Reputation: 33
Trying to run the tokenizer for Bert but I keep getting errors. Can anyone help where I am going wrong.
FullTokenizer = bert.bert_tokenization.FullTokenizer
bert_layer = hub.KerasLayer("https://tfhub.dev/tensorflow/bert_en_uncased_L-12_H-768_A-12/1", trainable=False)
vocab_file = bert_layer.resolved_object.vocab_file.asset_path.numpy()
do_lower_case = bert_layer.resolved_object.do_lower_case.numpy()
tokenizer = FullTokenizer(vocab_file, do_lower_case)
Error: AttributeError Traceback (most recent call last) in () ----> 1 FullTokenizer = bert.bert_tokenization.FullTokenizer 2 bert_layer = hub.KerasLayer("https://tfhub.dev/tensorflow/bert_en_uncased_L-12_H-768_A-12/1", 3 trainable=False) 4 vocab_file = bert_layer.resolved_object.vocab_file.asset_path.numpy() 5 do_lower_case = bert_layer.resolved_object.do_lower_case.numpy()

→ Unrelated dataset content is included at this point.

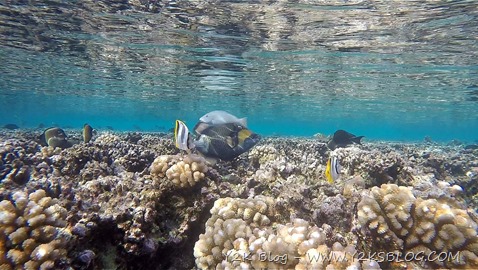 Sotto il mare nella pass di Sud-Est - Fakarava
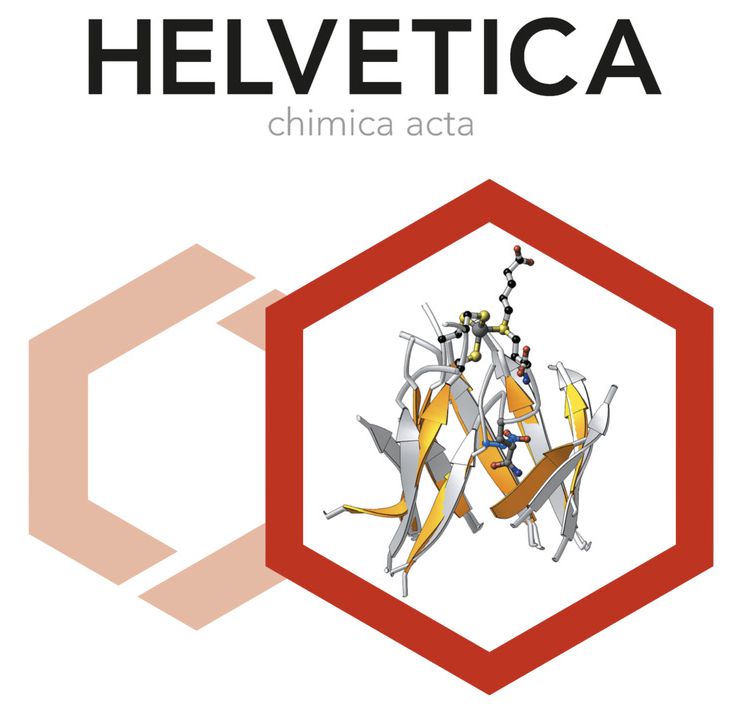 Logo_VHCA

AttributeError: module 'bert' has no attribute 'bert_tokenization'
All the below have been imported for reference.
!pip install bert-for-tf2
!pip install sentencepiece
!pip install bert-tensorflow
!pip install tensorflow==2.0
try:
%tensorflow_version 2.x
except Exception:
pass
import tensorflow as to
import tensorflow_hub as hub
from tensorflow.keras import layers
import bert
from bert import tokenization
Upvotes: 2
Views: 3650
Reputation: 1
!pip install bert-tensorflow
!pip install --upgrade bert
!pip install tokenization
from bert import tokenization
from bert.tokenization.bert_tokenization import FullTokenizer
tokenizer = FullTokenizer(vocab_file=vocab_file, do_lower_case=do_lower_case)
Upvotes: 0
Reputation: 61
I was caught up in a similar situation before.
Try looking for a folder named "bert" in the directory where your script/notebook is being run. Delete that folder or rename it to something other than "bert". There is a very likely possibility that when you import bert, it tries to access that folder intead of the bert-for-tf2 which you installed in the Python site packages.
If still that doesn't work, try
from bert import tokenization
Upvotes: 3